I’m very careful with privacy and security so I was surprised I got an obvious phishing email from “American Express”. I reported the email and moved on only to get another one today. I checked haveibeenpwned and it came back clear. I have never gotten a phishing email before the other day. As for the senders, they all came from generic IT sounding email addresses. They obviously weren’t American Express.
If you have signed up on dubious websites with questionable privacy policy, many of them legally sell this data to “data brokers” who then sell it to anyone willing to pay. This happens more than you’d think, for example in 2019 it was reported California DMV makes $50 million a year selling users information. https://www.caranddriver.com/features/a32035408/dmv-selling-driver-data/
One neat trick is to signup for services with an email like [email protected], that way if you ever get spam you’ll know where you have been compromised.

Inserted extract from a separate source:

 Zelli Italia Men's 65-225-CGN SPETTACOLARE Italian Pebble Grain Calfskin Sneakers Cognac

Information might also be leaked through data breaches. An email is not a particularly hard thing to find, or even guess.
A spammer could easily just have a computer iterate through all possible combinations of emails and usernames, and shotgun it.

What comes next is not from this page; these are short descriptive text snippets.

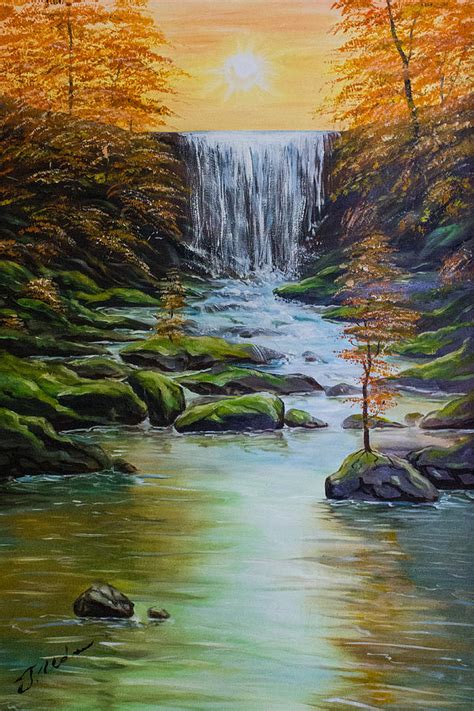 Waterfall Painting By Tatyana Udovenko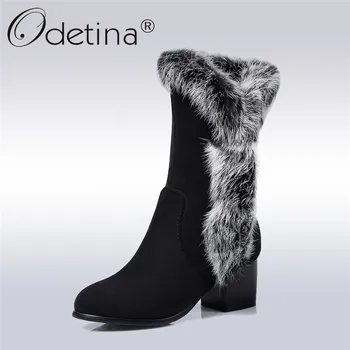 

Odetina 2017 New Fashion Winter Mid Calf Boots For Women Faux Fur Leisure Shoes Female Zipper Square Heel Boots Big Size 32-45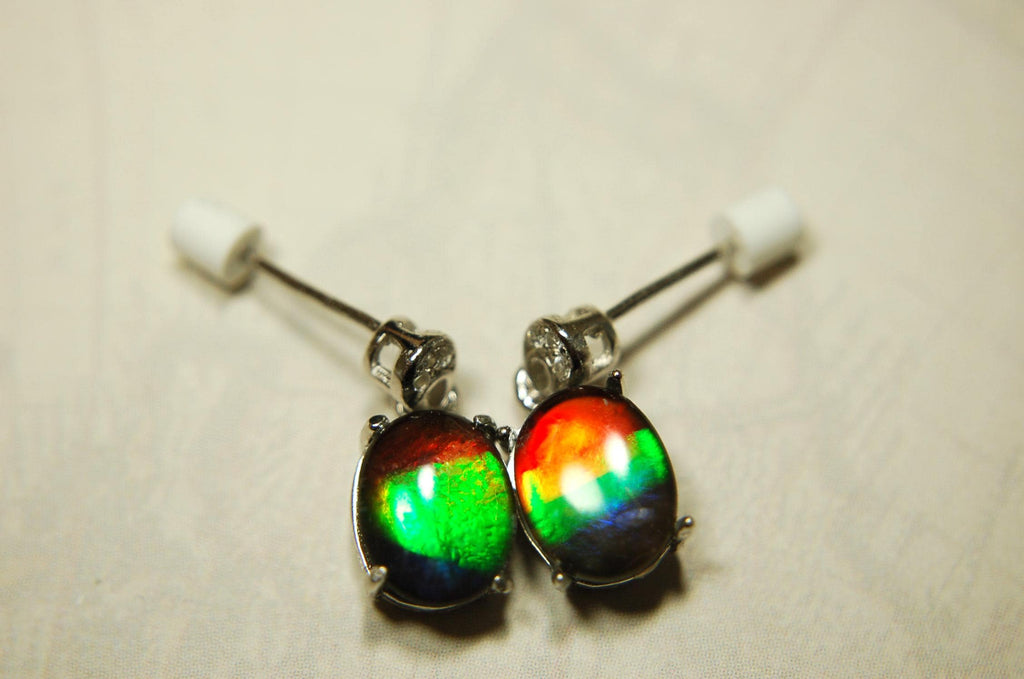 Ammolite Dangle Drop Earrings.Rare 4 color gems.Very showy.Birthday Anniversary Gift?.030616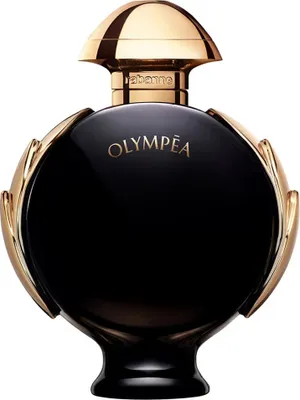 A product shot of a black and gold perfume bottle.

Especially for a name like OP’s. If their email is a similar name, it wouldn’t be difficult for generate one that is also two words.
Nah, my email is my name. It’s a very uncommon name.
And you have zero social media with your name?
I’ve used this many times before. But this is so well known I wonder, why wouldn’t spammers/scammers just remove the “+” and trailing characters before “@“?
True. A more reliable way to achieve this is to buy a domain and use addresses in the form [email protected].
Yeah that also usually comes up in these types of discussions. Even for technical people, that approach can be a pain to manage.
I might need to use your trick in the future. Thank you!